A very dear friend of mine who owns a day spa in Dallas describes his facial with micro-dermabrasion this way: "In six treatments, we will take 10 years off your face!" Who wouldn't want to take 10 years off their face? And with the products and regime my friend sets up for his clients, the results are remarkable and he has a thriving a business.
Describe what the treatment is going to do for your client, your client's skin, their body, their hair, or their lifestyle, or whatever your intent was in choosing this treatment. It's great to use ingredients, but make sure to include how the ingredients will make them better.
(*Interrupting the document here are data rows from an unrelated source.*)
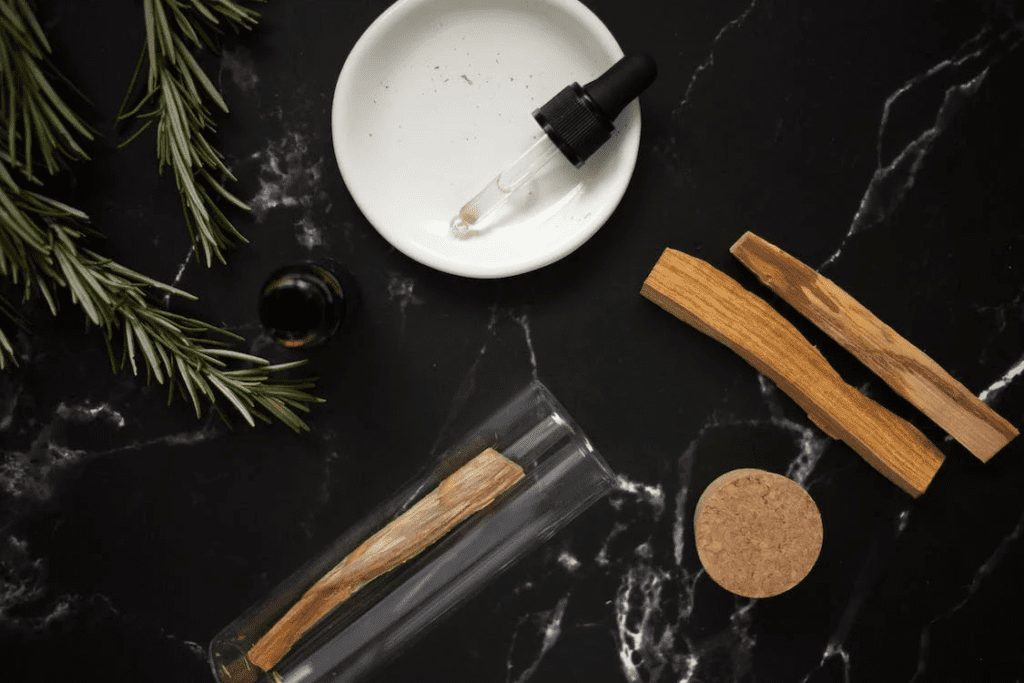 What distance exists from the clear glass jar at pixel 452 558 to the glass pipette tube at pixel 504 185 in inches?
7.7

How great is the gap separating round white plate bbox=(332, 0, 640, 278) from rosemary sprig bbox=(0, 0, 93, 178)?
10.2 inches

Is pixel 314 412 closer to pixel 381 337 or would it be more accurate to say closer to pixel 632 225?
pixel 381 337

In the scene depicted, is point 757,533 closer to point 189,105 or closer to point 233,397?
point 233,397

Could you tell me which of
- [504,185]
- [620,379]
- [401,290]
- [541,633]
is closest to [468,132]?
[504,185]

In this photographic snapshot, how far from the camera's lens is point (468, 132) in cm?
87

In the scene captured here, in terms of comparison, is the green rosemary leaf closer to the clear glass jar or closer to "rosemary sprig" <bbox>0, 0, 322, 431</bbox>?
"rosemary sprig" <bbox>0, 0, 322, 431</bbox>

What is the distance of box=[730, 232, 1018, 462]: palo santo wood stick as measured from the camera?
862mm

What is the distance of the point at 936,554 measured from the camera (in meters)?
0.91

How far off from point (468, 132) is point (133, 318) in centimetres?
38

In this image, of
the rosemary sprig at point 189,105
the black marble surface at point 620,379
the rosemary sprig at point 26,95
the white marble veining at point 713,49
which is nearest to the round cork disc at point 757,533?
the black marble surface at point 620,379

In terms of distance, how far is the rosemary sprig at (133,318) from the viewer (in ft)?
2.68

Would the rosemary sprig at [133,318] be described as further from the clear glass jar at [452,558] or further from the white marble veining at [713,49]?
the white marble veining at [713,49]

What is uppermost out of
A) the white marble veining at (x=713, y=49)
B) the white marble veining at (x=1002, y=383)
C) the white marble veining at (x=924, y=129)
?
the white marble veining at (x=713, y=49)

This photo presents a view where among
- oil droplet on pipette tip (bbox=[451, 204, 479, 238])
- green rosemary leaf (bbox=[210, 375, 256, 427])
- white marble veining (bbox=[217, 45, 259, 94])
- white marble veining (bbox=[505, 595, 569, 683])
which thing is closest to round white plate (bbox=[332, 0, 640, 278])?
oil droplet on pipette tip (bbox=[451, 204, 479, 238]) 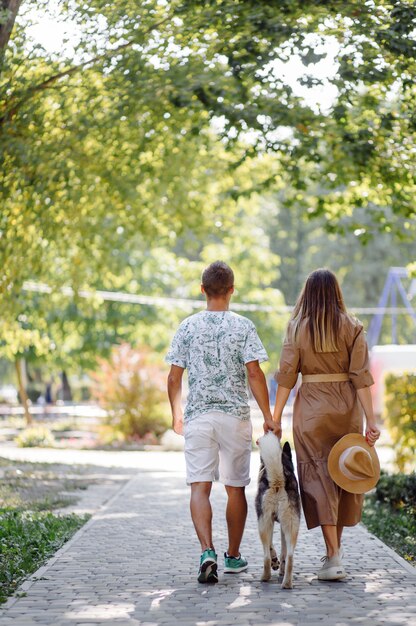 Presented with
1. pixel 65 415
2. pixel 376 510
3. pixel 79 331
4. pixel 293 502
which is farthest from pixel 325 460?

For instance, one manufacturer of massage products promotes that their products are infused with vitamin E "to help skin breathe and function normally." Doesn't that sound good? I certainly want my skin to "breathe and function normally," don't you?
This is where it will come in handy if you have built a good relationship with the right spa vendor. You can take the majority of the provided descriptions and then add your special touch to entice your clients. And if you feel as if you are not that creative, the vendor will help you along the way. Some vendors, like myself, already have several menus written, or they can create menus specifically for your spa! The important thing is that you stay focused to your vision and intention.